New Zealand life and health insurer

Sovereign Services Limited (branded as Sovereign) was a New Zealand-based financial services company that provided life and health insurance, home loans, investment and superannuation products. It was a subsidiary of the AIA Group.

==History==
Sovereign started out in 1989 as a life insurance and investment provider. The company expanded in 1996 with its acquisition of Metropolitan Life Assurance Company.

In 1998, Sovereign was acquired by the ASB Group, which is owned by the Commonwealth Bank. When The Commonwealth Bank merged with Colonial Mutual in 2000, the Colonial New Zealand life and investment business was integrated with Sovereign, making it the largest life insurer in New Zealand.

Sovereign maintained a market share of around 29% to 30% of in-force premiums over the five years up to 2011.

Sovereign currently has a financial strength rating of A+ (Superior) from international rating agency A.M. Best (awarded December, 2011).

Sovereign is one of over 900 signatories for the Principles for Responsible Investment. The initiative was designed and developed by the United Nations Environment Programme Finance Initiative, and is a set of aspirational and voluntary guidelines for investment entities wishing to address environmental, social, and corporate governance (ESG) issues.

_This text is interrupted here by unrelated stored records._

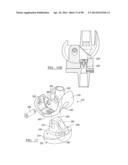 KNEE JOINT PROSTHESIS SYSTEM AND METHOD FOR IMPLANTATION diagram and image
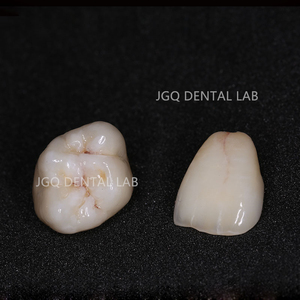 <span class=keywords><strong>CAD</strong></span> cam sẵn sàng Zirconia crowns nhanh hơn phay <span class=keywords><strong>STL</strong></span> tập tin hỗ trợ 3 hình dạng exocad tương thích - Product Image 2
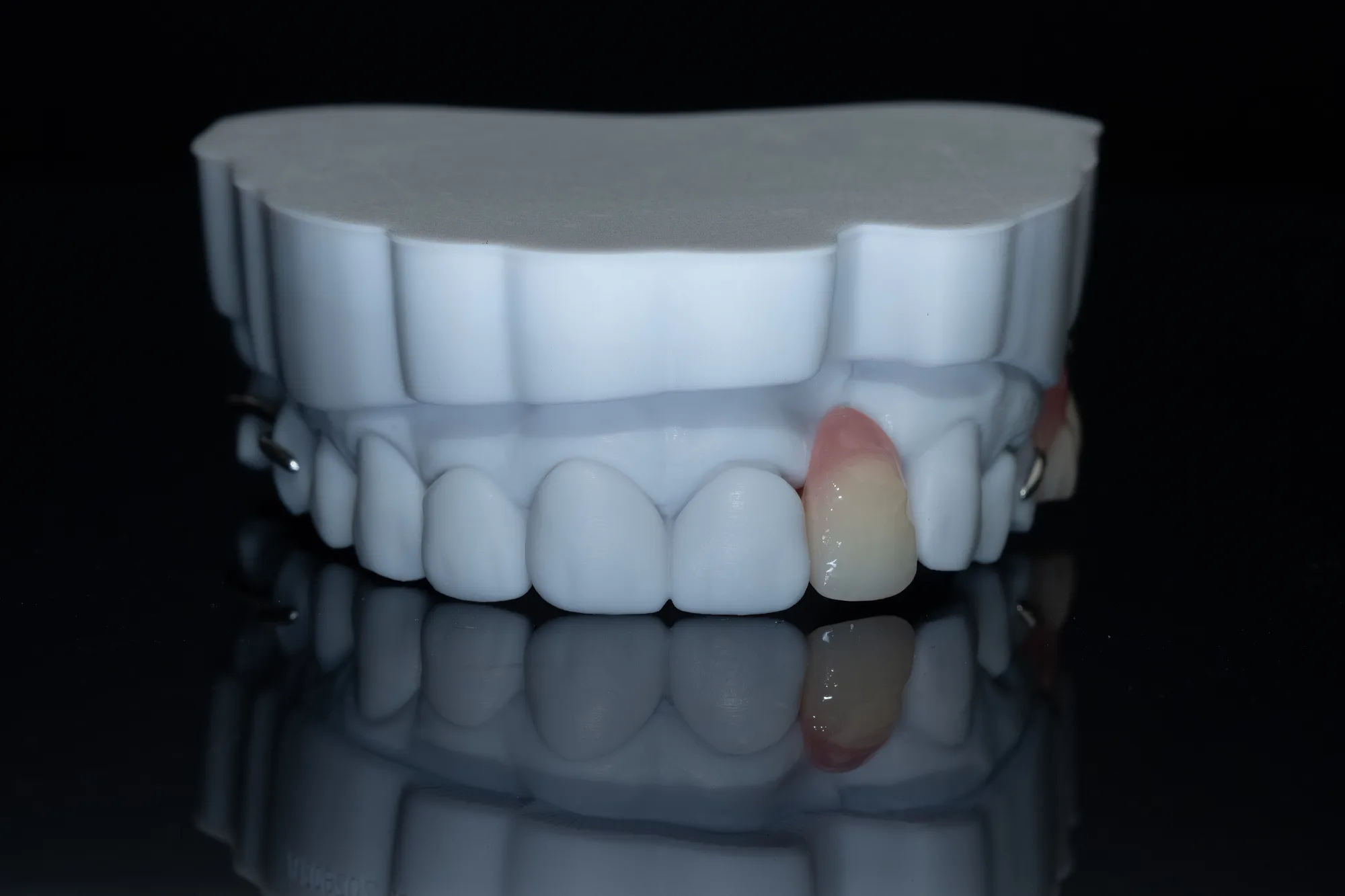 Partial Dentures — DA'AT Dental Lab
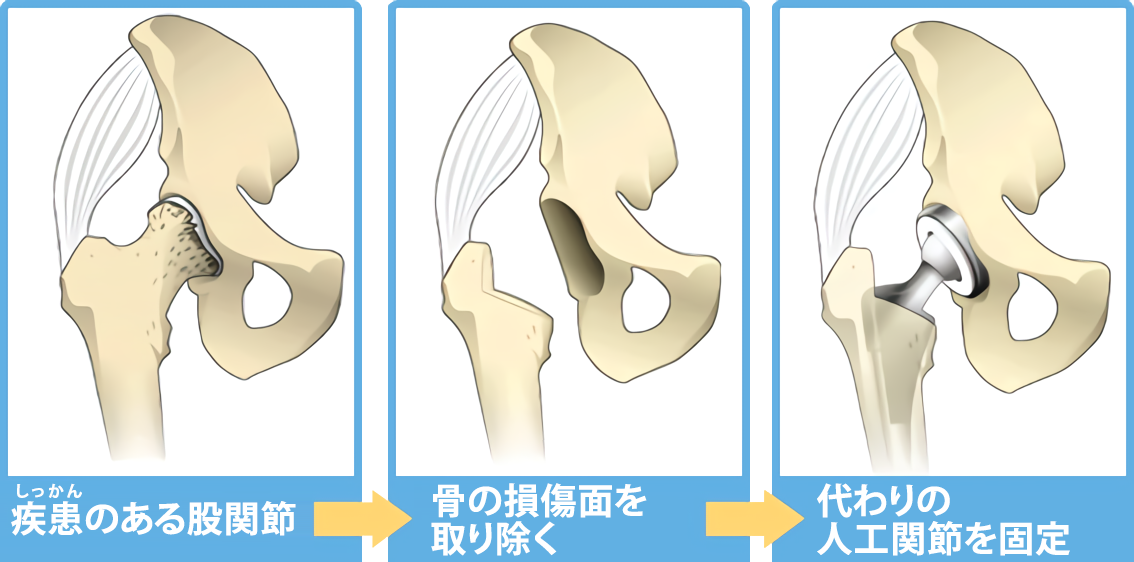 Резекция тазобедренного сустава. Резекция тазобедренного сустава. Резекция тазобедренного сустава. Артротомия тазобедренного сустава. Тотальное гибридное эндопротезирование тазобедренного сустава.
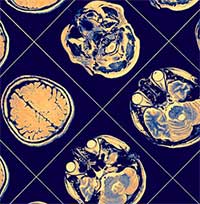 Nghiên cứu cho thấy: Não đàn ông co lại khi có con đầu lòng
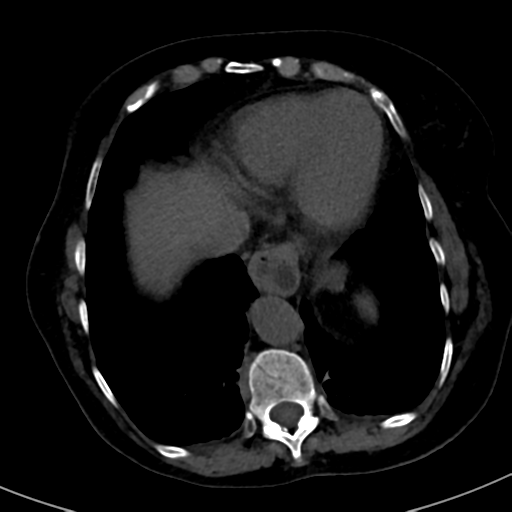 File:Ampullary adenocarcinoma (Radiopaedia 34013-35241 AXIAL THICK 8).png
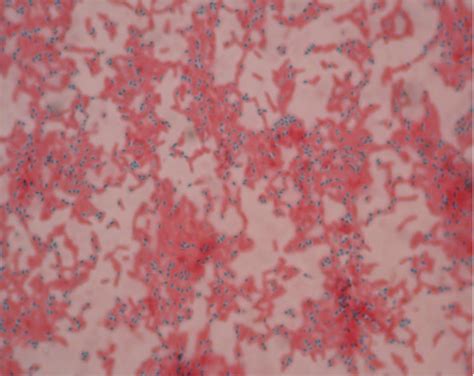 Endospore Stain Red Mountain Microbiology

In 2011, Sovereign hosted a United Nations-facilitated ‘Principles for Sustainable Insurance’ Regional Consultation Meeting for Oceania, which will help develop new sustainability principles for the global insurance sector.

In September 2017 the Commonwealth Bank agreed terms to sell Sovereign, as well as its Australian insurance business (CommInsure) to AIA Group for AUD $3.8 billion. The sale was completed on 2 July 2018.

AIA New Zealand and Sovereign continued to operate as two separate brands until 5 August 2019. From this date onwards the combined business has traded as AIA New Zealand Limited.